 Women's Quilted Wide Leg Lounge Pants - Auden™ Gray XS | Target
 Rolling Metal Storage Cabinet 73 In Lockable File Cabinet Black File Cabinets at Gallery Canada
...
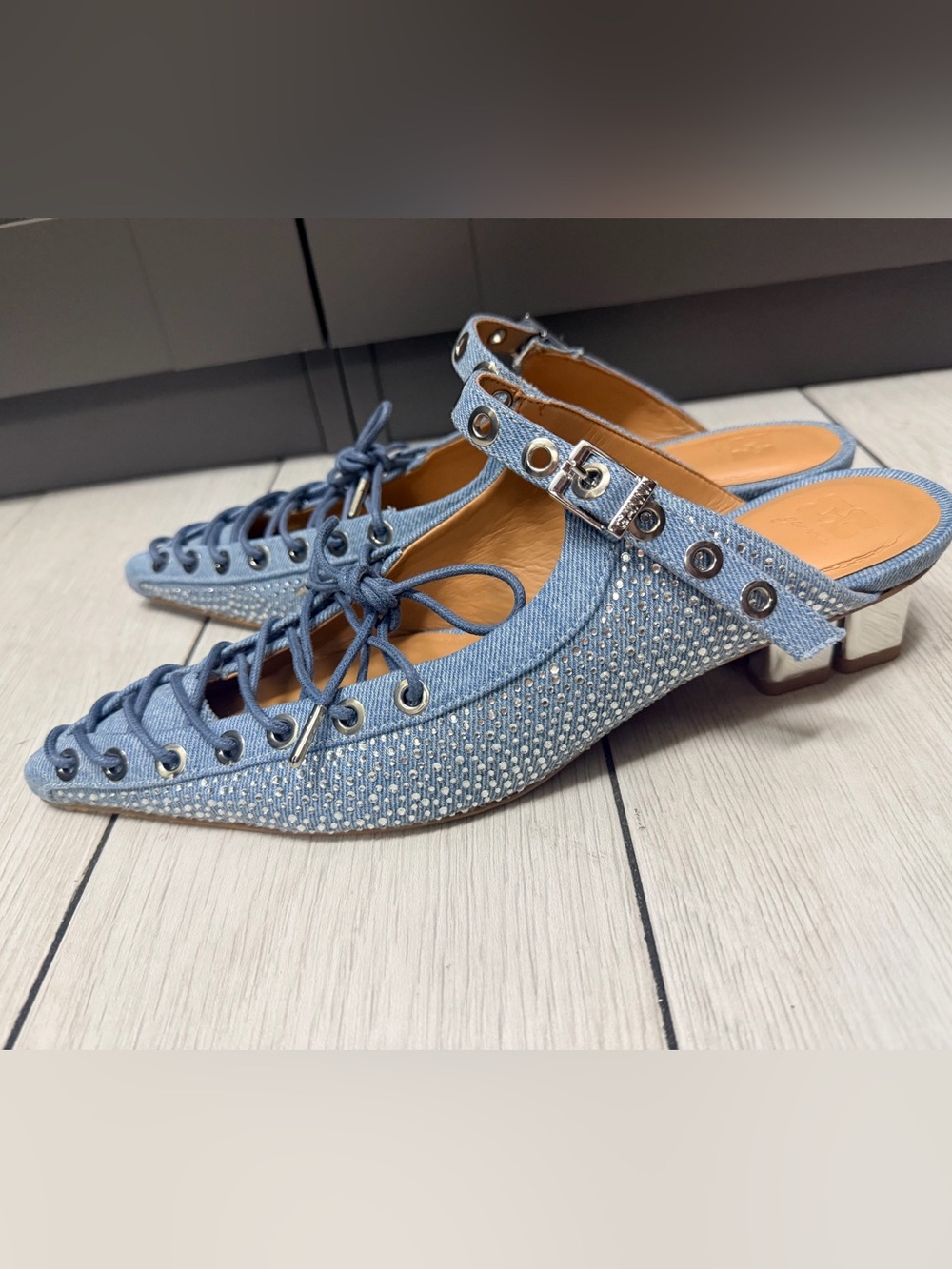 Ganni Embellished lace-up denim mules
---
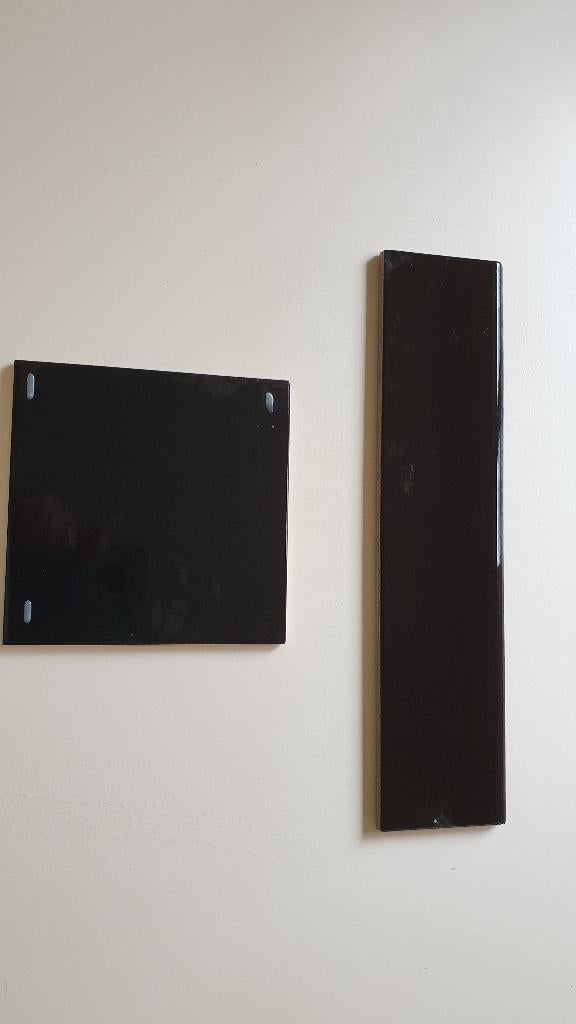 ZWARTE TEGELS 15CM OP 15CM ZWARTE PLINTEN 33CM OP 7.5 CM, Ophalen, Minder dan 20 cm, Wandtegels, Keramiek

> Task goal
In the listing above, find the line with "Women's Quilted Wide" and the line with "Rolling Metal Storage", then reproduce both and every line between them exactly.

> Response to the exercise
 Women's Quilted Wide Leg Lounge Pants - Auden™ Gray XS | Target
 Rolling Metal Storage Cabinet 73 In Lockable File Cabinet Black File Cabinets at Gallery Canada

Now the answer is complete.